I turned my stalk eyes toward the ground. With amazing speed, the two bloody halves of each Mortron were growing. One piece of each was growing to become a complete bird-portion again.

And the other piece was going even further - growing into a complete, two-piece, yellow and black, four-wheeled Mortron.

I had sliced both Mortrons in half. And now they were becoming four Mortrons.

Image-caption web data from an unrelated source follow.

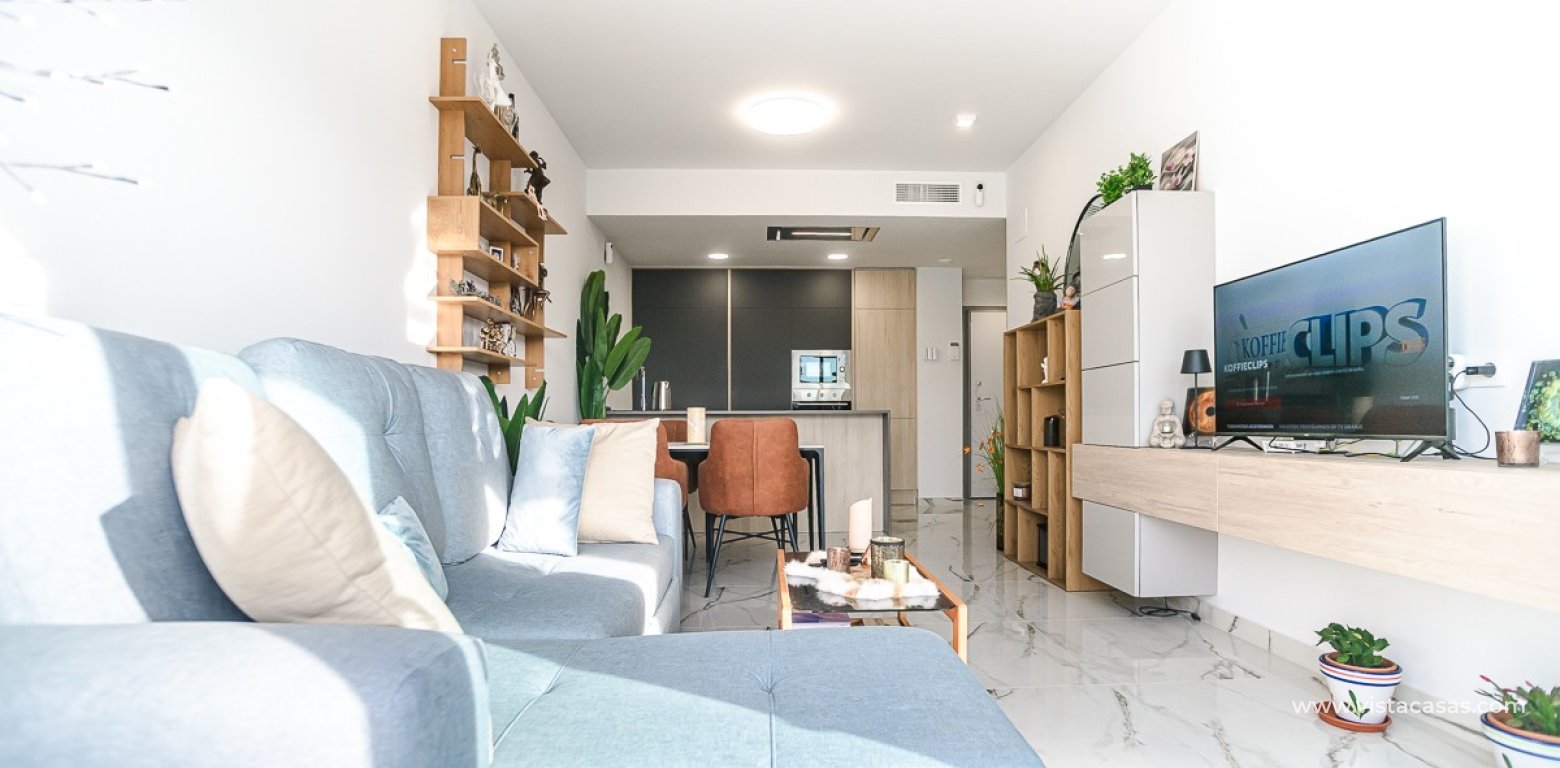 Resale - Apartment - Villamartin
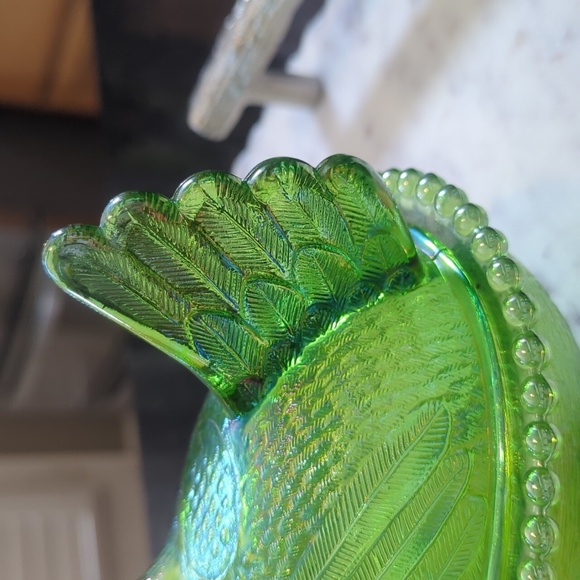 Indiana glass lime green iridescent sitting hen candy dish - Picture 14 of 16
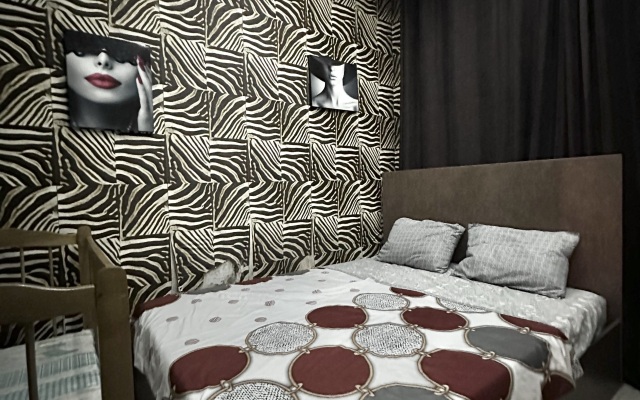 4-Kh Komnatnaya S Basseynom I Saunoy Flat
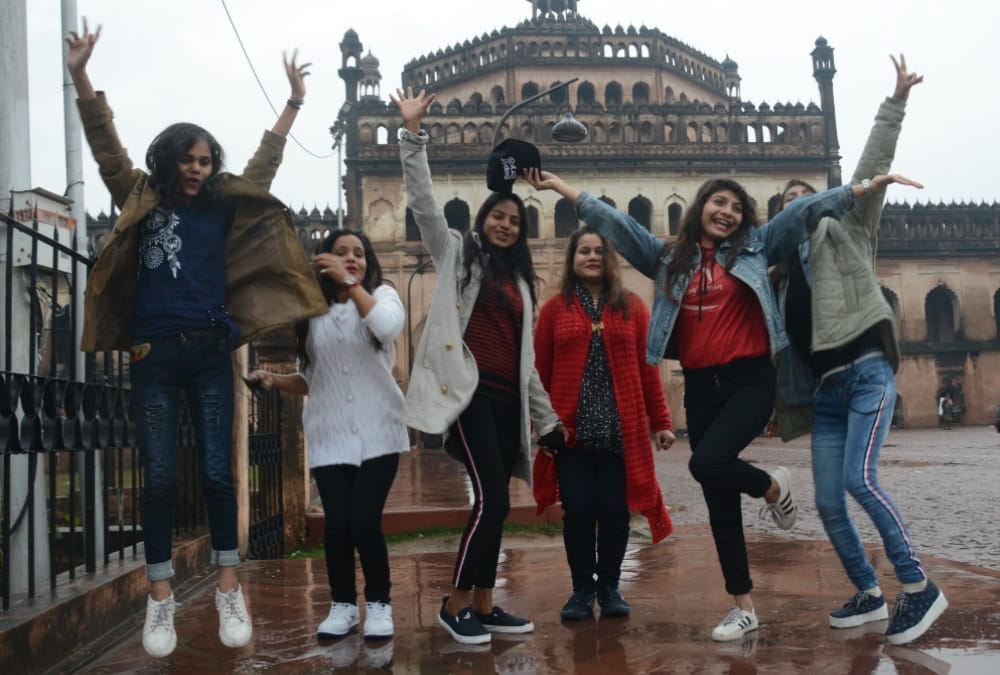 school timing changed because of weather in Lucknow.
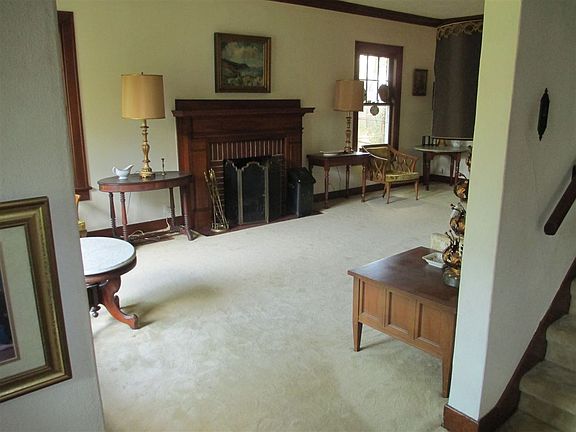 5th image of 1018 E Wylie St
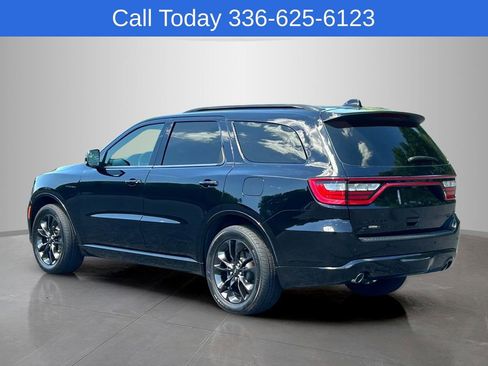 Used 2023 Dodge Durango R/T AWD/4WD image 3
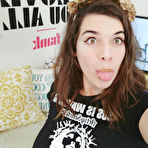 Pic of ArtsyScarlett Webcam Girl / Hotty Stop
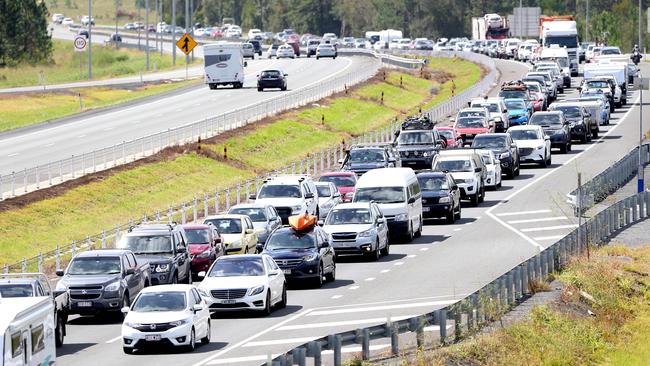 Holiday-makers planning trips to the Sunshine Coast have been urged to plan ahead and allow extra time for traffic with continued Bruce Hwy upgrade works throughout the Easter School holidays tipped to affect traffic. Generic image. Photo AAP/ Ric Frearson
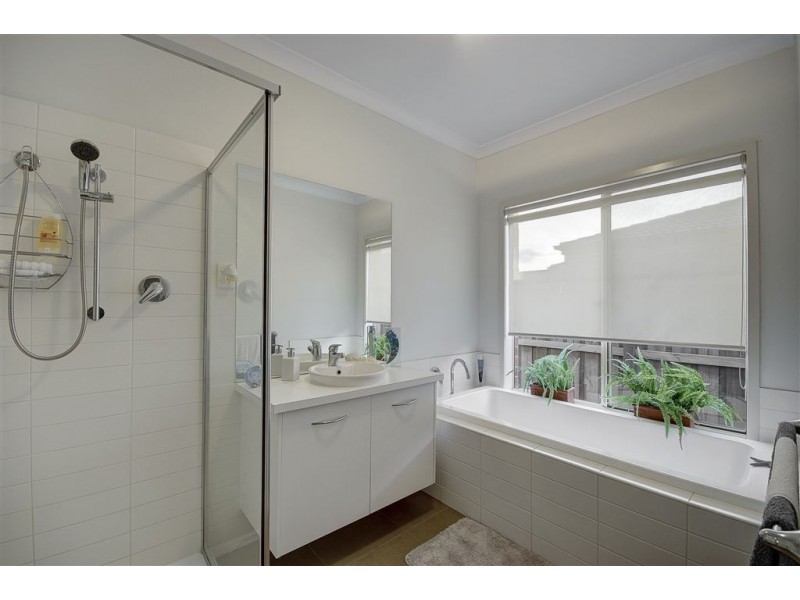 6 Hipwell Court, Lovely Banks VIC 3221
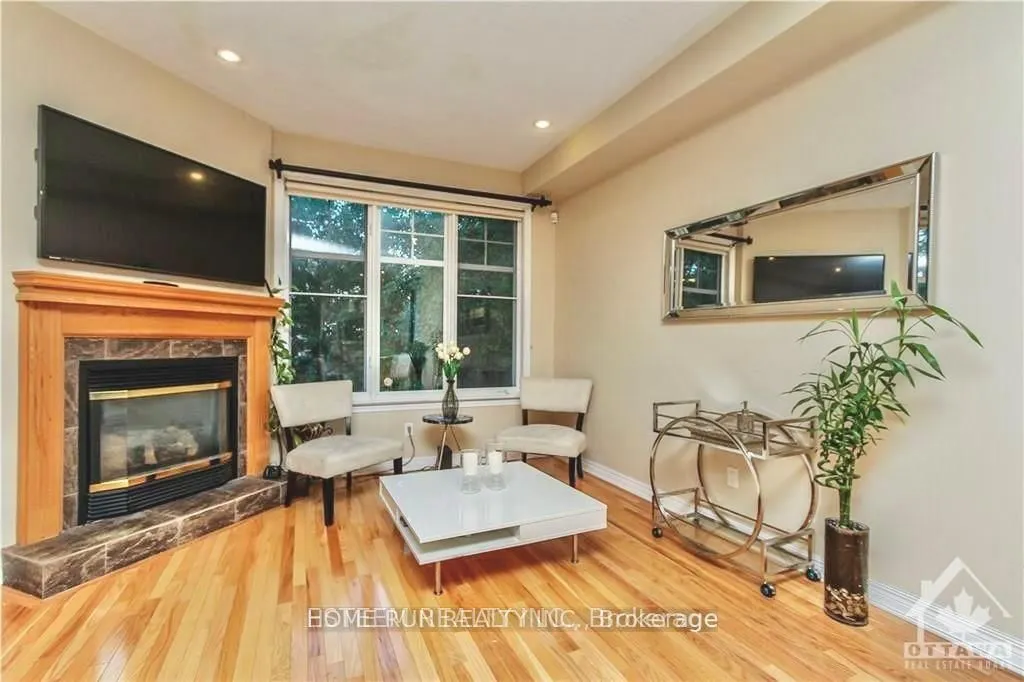 517 Devonwood Circle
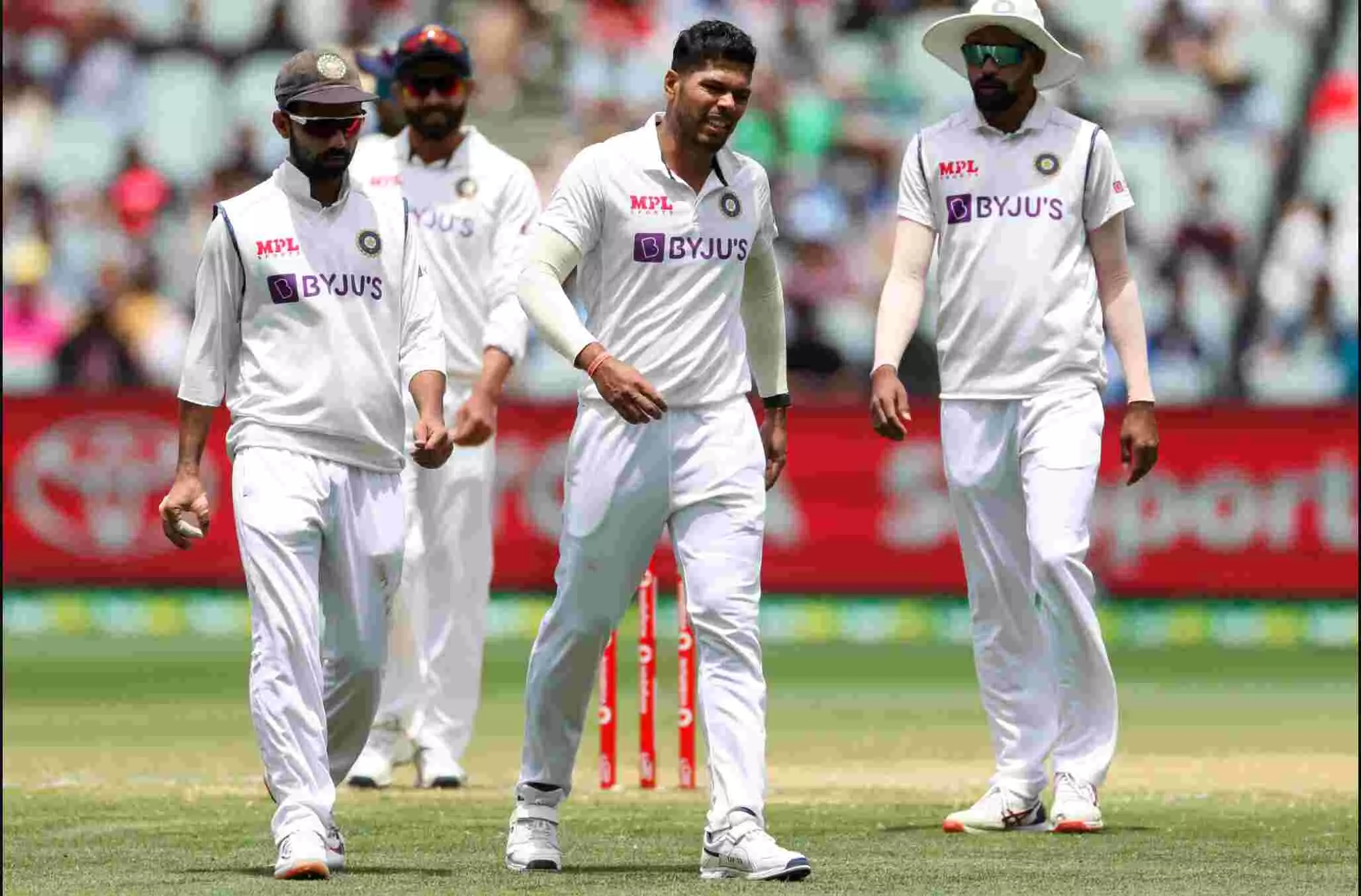 Ind vs Aus: टीम इंडिया को लगा बड़ा झटका, ये खिलाडी हुआ चोटिल, छोड़ा मैदान Ind vs Aus: टीम इंडिया को लगा बड़ा झटका, ये खिलाडी हुआ चोटिल, छोड़ा मैदान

<Are you doing the math in your head, Elfangor?> the visser jeered. <They regenerate! Cut an attacking Mortron in pieces and each piece grows again to become a complete Mortron. It's the killing frenzy. It gives them an enzyme boost that makes them regenerate! Try to kill these four and you'll have eight. Kill those eight and you'll have sixteen! Thirty-two! Sixty-four!>

I stared in horror as the Mortron pieces grew and grew. In seconds they would be ready to attack again. And anything I did to destroy them would merely make more of them!

<Loren, I don't know what to do. If only I had a shredder!>

"Can you outrun them?"

<Yes, I can. But you can't! They are faster than you are. And I won't leave you.>

"You won't have to. Maybe. How strong is your back? Never mind, it must be strong enough. Elfangor, don't be offended, okay?"

<Offended by what?>

"Hold still. I'm gonna try something."

She came to me and placed one hand on the back of my neck. She placed another hand on my rump, right at the base of my tail. And suddenly, she leaned her weight on me, swung one leg up and over, and came to rest straddling my back. She sat there with one human leg hanging off either side of
my back and held her hands clasped around my neck.

I turned my stalk eyes around and found myself staring directly into her small blue human eyes.

"Now let's run," she said.

<With you on my back?>

But even while I was standing there in blank astonishment, I saw a fully formed Mortron rise from the dirt. It was just a few feet away and it launched its bird-part. Leather wings propelled jagged razor-sharp teeth straight for my throat.

"Elfangor, this is not the time to think," Loren yelled. "Run! Ruuuuun!"

So I did. With the human girl actually on my back, I ran.

And so, as the villain watches, the beautiful young woman mounts our hero....wait, I probably phrased that wrong.
1: Visser 3's love of pets is just wonderful
2: the mortrons are bonkers, but really entertaining
3: "So. You propel rocks at me!" is now a contender for Best Animorphs line, tied with lobster-morphed Ax musing that "these pincers are most excellent"
4: I am not sure how 12-year-old me would have reacted to:

Epicurius posted:

And so, as the villain watches, the beautiful young woman mounts our hero....wait, I probably phrased that wrong.
It's probably just me, but I always thought that the scientist lady in Amber Spyglass seeing the wheel-riders and thinking 'that's not possible because xyz' was a direct :rolleyes: to this.
I am extremely amused that Loren's first thought is that that the andalite will be offended to be ridden like a horse. Meanwhile, Elfangor has no analogue in his society to draw from, so it doesn't even occur to him that this could be a demeaning occurrence.

Edit: this isn't very relevant to the current situation in the books, but I'm wondering: we've had several points where human knowledge has been foreign to andalites or nonhuman controllers (but, of course, obvious to the viewer). Was there any point at which this was used for dramatic irony? In particular, I'm wondering if at any point in an Ax book, Visser 3 and Ax interact as humans, with one not realizing the other is an andalite because they make some obvious mistake that the audience recognizes but the characters don't?